KKTC’de bir ilk olan bu cinsel farkındalık eğitimi Yakın Doğu Okullarında Yoga-Mandala ve Farkındalık Atölyesinin farkındalık çalışmaları kapsamında Yakın Doğu bünyesinde görev yapan Pınar Savun tarafından verilmiştir.
Okul idaresi konuyla ilgili yaptığı açıklamada, çocuk istismarının maalesef gündemden düşmeyen bir konu olduğunu gün geçmeksizin ardı ardına bu haberlerle sarsıldığımızı vurgulayarak: Öfkeliyiz, mutsuzsuz, sinirliyiz... Savunmasız bir çocuğa yapılanların kabul edilir olmayışı bizleri Yakın Doğu olarak böylesi bir eğitimin verilmesine itmiştir.
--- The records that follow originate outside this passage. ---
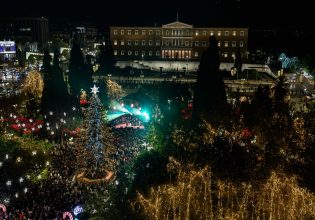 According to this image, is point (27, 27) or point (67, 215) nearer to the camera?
point (67, 215)

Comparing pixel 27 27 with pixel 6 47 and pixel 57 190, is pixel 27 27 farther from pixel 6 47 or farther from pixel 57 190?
pixel 57 190

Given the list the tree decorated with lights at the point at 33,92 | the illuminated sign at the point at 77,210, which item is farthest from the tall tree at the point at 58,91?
the illuminated sign at the point at 77,210

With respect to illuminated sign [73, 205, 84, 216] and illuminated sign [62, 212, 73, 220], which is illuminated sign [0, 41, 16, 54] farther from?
illuminated sign [62, 212, 73, 220]

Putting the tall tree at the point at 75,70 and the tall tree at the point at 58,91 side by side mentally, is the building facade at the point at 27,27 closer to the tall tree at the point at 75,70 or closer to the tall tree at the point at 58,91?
the tall tree at the point at 75,70

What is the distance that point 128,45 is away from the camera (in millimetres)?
74938

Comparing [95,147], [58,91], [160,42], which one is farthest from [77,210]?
[160,42]

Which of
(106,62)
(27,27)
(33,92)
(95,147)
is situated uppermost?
(27,27)

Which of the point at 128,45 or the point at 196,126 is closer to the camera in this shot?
the point at 196,126

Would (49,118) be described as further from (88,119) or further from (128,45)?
(128,45)

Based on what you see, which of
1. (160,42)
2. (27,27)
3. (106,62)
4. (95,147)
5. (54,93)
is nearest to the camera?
(95,147)

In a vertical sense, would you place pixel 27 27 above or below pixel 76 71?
above

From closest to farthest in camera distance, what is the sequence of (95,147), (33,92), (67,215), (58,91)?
(67,215) < (95,147) < (58,91) < (33,92)

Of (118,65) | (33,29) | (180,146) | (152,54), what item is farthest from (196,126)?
(33,29)

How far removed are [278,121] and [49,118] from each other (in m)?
16.9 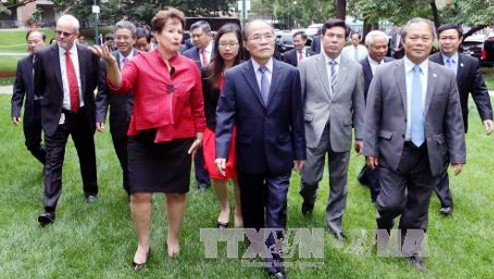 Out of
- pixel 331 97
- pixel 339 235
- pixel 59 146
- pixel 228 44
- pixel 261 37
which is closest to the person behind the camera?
pixel 261 37

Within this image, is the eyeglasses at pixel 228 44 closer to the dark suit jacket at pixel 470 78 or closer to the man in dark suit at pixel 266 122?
the man in dark suit at pixel 266 122

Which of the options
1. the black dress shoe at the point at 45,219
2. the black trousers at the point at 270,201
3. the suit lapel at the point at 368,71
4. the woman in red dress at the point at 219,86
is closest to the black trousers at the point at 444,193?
the suit lapel at the point at 368,71

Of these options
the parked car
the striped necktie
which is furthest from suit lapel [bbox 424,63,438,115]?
the parked car

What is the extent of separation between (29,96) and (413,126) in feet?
15.0

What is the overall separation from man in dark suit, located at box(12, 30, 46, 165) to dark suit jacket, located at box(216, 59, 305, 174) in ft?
10.1

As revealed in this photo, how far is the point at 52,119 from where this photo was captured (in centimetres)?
530

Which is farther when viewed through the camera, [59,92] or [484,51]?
[484,51]

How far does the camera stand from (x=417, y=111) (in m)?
4.12

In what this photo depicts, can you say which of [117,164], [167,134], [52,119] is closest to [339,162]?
[167,134]

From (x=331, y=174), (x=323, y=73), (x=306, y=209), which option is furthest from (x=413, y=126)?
(x=306, y=209)

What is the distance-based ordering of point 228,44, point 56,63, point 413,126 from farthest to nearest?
point 56,63
point 228,44
point 413,126

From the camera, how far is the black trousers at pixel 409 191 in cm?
420

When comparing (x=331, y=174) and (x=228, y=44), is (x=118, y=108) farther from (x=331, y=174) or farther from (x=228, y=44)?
(x=331, y=174)

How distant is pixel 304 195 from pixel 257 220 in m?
1.02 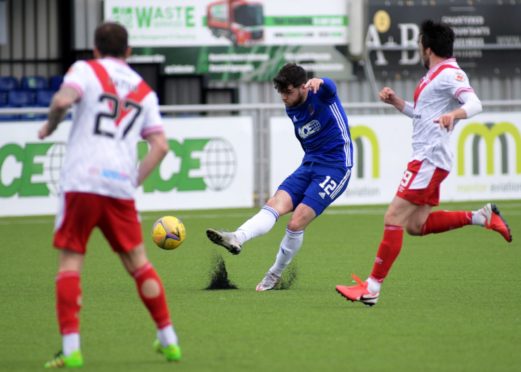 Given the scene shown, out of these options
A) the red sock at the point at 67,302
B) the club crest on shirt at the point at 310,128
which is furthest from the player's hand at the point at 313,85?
the red sock at the point at 67,302

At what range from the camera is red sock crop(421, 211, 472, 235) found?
9.71 metres

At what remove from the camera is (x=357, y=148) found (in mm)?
18844

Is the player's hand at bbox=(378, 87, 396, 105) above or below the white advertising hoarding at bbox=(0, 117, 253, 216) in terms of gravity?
above

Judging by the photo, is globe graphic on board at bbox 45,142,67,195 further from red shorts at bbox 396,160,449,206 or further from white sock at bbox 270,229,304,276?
red shorts at bbox 396,160,449,206

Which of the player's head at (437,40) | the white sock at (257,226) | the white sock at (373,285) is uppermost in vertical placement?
the player's head at (437,40)

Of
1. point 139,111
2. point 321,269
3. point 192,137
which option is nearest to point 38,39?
point 192,137

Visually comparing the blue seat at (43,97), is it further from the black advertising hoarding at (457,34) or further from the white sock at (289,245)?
the white sock at (289,245)

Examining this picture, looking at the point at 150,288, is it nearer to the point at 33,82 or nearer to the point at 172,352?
the point at 172,352

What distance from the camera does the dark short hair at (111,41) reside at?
662 centimetres

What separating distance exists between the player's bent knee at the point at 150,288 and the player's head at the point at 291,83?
3.50m

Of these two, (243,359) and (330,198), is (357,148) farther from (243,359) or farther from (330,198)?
(243,359)

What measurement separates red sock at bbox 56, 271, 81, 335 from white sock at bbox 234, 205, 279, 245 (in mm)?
3178

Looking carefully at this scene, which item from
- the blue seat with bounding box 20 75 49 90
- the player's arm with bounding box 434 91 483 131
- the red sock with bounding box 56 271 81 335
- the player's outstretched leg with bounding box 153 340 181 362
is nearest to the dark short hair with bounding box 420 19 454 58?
the player's arm with bounding box 434 91 483 131

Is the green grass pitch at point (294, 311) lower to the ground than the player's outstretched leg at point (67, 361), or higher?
lower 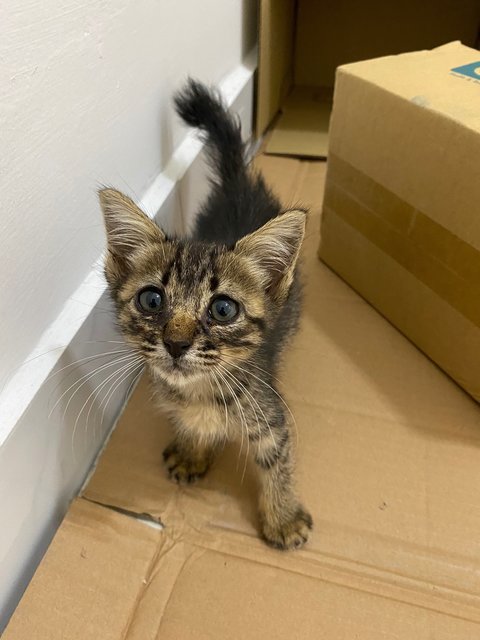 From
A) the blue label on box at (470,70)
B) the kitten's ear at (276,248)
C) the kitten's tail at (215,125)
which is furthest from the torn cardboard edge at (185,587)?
the blue label on box at (470,70)

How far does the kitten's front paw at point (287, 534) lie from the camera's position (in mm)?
910

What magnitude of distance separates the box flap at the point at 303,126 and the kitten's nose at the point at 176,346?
1363 mm

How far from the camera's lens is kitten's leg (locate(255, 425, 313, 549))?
910 mm

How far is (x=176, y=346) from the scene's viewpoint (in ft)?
2.23

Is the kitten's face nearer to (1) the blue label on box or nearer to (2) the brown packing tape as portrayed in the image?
(2) the brown packing tape

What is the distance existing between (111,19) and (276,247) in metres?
0.51

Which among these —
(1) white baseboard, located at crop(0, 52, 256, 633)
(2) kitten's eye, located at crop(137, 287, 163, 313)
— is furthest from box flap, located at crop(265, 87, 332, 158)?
(2) kitten's eye, located at crop(137, 287, 163, 313)

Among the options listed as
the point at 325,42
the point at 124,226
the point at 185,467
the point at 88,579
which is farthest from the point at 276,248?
the point at 325,42

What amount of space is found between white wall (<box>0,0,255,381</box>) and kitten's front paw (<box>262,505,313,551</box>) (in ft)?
1.69

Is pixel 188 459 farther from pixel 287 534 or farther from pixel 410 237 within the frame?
pixel 410 237

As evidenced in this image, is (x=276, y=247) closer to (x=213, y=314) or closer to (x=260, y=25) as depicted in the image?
(x=213, y=314)

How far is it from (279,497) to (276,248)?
0.44m

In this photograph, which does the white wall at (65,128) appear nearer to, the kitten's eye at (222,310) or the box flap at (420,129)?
the kitten's eye at (222,310)

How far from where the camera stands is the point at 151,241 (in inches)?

Amacımız bu eğitimle birlikte çocuklara kendilerini korumayı öğretmektir. Eğitimde, öncelikle çocuklara vücudun bölümlerini öğretip bunlarla iligili konuşmalar gerçekleştirdik. Vücumuzun bazı bölümlerinin özel bölge olduğunu, bu özel bölgelerin onlara ait olduğunu ve bu özel bölgelere anne ve babaları yanlarındayken doktor dışında kimsenin dokunmaması gerektiğini belirttik. Çocuklara ailelerinin izni olmadan kimseden oyuncak, şeker almaması gerektiğini öğrettik. Çocuklarımıza “ tehlike” ve” güven” kavramlarının ne olduğu hakkında biligiler vererek onlara güvenli alanlarının neler olduğunu ve güvenmeleri gereken kişilerin kimler olabileceğini anlattık.
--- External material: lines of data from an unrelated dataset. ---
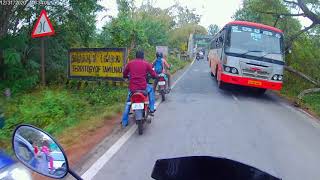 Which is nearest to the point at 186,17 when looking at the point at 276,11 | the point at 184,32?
the point at 184,32

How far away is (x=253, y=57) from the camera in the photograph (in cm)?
1445

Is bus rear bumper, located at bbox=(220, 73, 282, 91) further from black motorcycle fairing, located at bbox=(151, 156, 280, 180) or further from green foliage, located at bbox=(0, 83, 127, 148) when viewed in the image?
black motorcycle fairing, located at bbox=(151, 156, 280, 180)

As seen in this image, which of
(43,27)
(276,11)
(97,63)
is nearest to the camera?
(43,27)

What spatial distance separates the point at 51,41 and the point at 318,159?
1143 centimetres

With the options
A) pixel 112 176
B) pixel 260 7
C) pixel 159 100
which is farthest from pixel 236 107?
pixel 260 7

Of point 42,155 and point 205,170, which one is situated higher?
point 42,155

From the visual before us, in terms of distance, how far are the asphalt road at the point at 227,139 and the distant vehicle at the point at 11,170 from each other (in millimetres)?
3260

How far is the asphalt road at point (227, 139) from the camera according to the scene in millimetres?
6160

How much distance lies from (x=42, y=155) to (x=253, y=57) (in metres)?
12.8

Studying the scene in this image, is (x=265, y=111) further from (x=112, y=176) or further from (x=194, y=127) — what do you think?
(x=112, y=176)

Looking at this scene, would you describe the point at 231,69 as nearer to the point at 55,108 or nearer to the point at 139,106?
the point at 55,108

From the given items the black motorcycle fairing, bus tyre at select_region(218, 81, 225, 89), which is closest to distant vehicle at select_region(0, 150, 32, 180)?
the black motorcycle fairing

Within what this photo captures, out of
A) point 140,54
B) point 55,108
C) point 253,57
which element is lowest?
point 55,108

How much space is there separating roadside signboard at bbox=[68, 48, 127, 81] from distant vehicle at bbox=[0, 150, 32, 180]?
36.8 feet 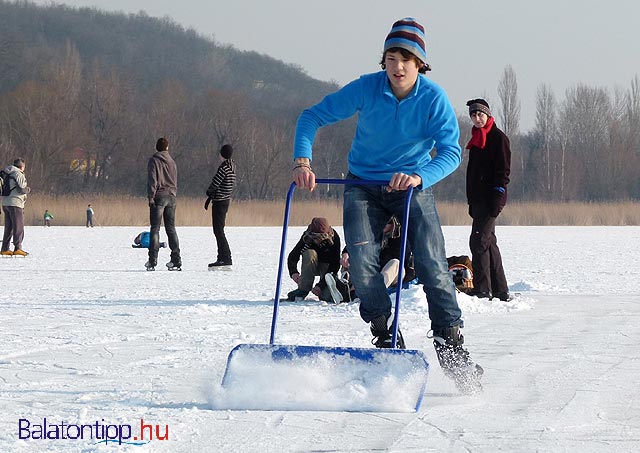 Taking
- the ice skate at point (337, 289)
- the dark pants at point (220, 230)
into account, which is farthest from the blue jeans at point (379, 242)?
the dark pants at point (220, 230)

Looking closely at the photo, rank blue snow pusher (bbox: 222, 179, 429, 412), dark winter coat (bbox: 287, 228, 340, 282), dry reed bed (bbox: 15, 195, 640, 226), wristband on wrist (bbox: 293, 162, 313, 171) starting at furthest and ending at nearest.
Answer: dry reed bed (bbox: 15, 195, 640, 226), dark winter coat (bbox: 287, 228, 340, 282), wristband on wrist (bbox: 293, 162, 313, 171), blue snow pusher (bbox: 222, 179, 429, 412)

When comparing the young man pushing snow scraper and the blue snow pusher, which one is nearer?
the blue snow pusher

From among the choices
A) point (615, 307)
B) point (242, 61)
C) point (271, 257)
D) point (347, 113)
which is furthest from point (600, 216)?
point (242, 61)

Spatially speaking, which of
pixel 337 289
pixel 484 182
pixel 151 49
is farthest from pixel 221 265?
pixel 151 49

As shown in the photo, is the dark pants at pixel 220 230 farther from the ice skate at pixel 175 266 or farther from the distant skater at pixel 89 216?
the distant skater at pixel 89 216

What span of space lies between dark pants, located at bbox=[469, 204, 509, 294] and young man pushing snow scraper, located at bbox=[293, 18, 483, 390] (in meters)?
3.87

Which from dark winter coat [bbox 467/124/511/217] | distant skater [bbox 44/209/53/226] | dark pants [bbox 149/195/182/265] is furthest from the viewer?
distant skater [bbox 44/209/53/226]

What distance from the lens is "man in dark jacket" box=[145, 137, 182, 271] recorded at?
1237 cm

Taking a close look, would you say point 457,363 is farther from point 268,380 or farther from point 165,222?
point 165,222

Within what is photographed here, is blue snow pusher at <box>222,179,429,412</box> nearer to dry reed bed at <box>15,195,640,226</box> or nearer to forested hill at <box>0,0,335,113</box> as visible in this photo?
dry reed bed at <box>15,195,640,226</box>

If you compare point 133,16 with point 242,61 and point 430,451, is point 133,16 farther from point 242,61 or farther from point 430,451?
point 430,451

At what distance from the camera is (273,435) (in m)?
3.46

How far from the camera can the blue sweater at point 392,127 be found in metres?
4.35

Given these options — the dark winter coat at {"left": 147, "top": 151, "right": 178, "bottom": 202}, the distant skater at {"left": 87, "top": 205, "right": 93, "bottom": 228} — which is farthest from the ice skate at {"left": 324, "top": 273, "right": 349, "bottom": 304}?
the distant skater at {"left": 87, "top": 205, "right": 93, "bottom": 228} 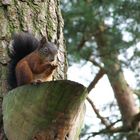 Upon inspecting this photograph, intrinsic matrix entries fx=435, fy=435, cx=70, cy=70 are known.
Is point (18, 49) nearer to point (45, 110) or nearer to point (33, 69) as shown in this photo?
point (33, 69)

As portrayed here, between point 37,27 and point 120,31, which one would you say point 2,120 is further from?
point 120,31

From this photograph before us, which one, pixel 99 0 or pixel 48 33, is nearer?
pixel 48 33

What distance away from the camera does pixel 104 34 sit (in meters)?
3.82

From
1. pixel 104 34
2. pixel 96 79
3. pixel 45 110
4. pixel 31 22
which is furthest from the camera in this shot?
pixel 96 79

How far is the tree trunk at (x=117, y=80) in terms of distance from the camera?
12.1ft

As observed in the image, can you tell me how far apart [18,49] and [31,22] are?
170 millimetres

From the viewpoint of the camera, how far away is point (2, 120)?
1.47 meters

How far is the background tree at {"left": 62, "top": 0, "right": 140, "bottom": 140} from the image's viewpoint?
344cm

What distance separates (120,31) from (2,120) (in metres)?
2.28

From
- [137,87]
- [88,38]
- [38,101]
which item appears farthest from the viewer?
[137,87]

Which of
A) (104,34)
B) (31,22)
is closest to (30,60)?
(31,22)

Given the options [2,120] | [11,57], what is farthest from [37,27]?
[2,120]

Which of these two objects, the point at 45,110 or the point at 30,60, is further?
the point at 30,60

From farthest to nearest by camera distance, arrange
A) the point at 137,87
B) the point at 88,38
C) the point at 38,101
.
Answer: the point at 137,87
the point at 88,38
the point at 38,101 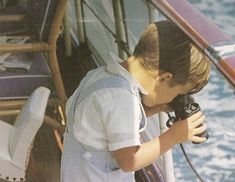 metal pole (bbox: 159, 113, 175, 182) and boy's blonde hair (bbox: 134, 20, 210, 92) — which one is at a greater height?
boy's blonde hair (bbox: 134, 20, 210, 92)

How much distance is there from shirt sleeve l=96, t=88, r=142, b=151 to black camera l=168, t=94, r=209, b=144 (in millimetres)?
89

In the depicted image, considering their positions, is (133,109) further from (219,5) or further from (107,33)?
(219,5)

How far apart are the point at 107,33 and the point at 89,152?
82cm

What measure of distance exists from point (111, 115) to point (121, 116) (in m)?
0.02

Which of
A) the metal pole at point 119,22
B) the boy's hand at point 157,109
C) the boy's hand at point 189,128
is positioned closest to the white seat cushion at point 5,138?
the metal pole at point 119,22

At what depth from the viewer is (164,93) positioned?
1206mm

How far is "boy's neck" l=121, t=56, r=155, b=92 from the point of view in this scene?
1.19 m

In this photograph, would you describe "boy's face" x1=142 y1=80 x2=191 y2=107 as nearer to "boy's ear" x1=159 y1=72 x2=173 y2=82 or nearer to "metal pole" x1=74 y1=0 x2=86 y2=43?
"boy's ear" x1=159 y1=72 x2=173 y2=82

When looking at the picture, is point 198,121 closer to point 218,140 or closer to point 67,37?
point 218,140

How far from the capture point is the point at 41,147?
1994 millimetres

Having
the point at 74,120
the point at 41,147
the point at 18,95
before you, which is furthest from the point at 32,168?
the point at 74,120

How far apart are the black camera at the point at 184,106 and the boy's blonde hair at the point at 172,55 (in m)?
0.03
Bir kağıda çöp adam çizerek vücudumuzdaki dört özel bölgeyi işaretledik. Bu bölgelerin, dudaklar, gögüsler, çamaşırımızın içi ve popo olduğunu açıkladık. Bu bölgelere hiçkimsenin dokunmayacağını ifade ettik. Amcaların, dedelerin, teyzelerin veya başka büyüklerin sevgilerini sarılarak göstermesinde bir sakınca olmadığını ancak tehlikeli bölgelere dokunan birisi olursa tehlike alarmının çalmaya başladığını ve tepki verilmesi gerektiğini vurguladık.
Çocuklarımıza tepki olarak o anda hemen çığlık atarak güvendiği bir yetişkinin yanına gidip olan her şeyi anlatması gerektiğini ve o ortamdan uzaklaşması gerektiğini anlattık. Örneğin, sokaktaysa eve kaçabileceğini, okul tuvaletindeyse öğretmenin ya da müdürün yanına koşabilceklerini ifade ettik.
En önemlisi de olan biteni anne babalarına ve öğretmenlerine mutlaka anlatmaları gerektiğini belirttik.
Bu eğitimlerimize velilerimizin de büyük desteğini alarak eğitim sistemimizin içerisinde belli aralıklarla yer vermeye karar verdik.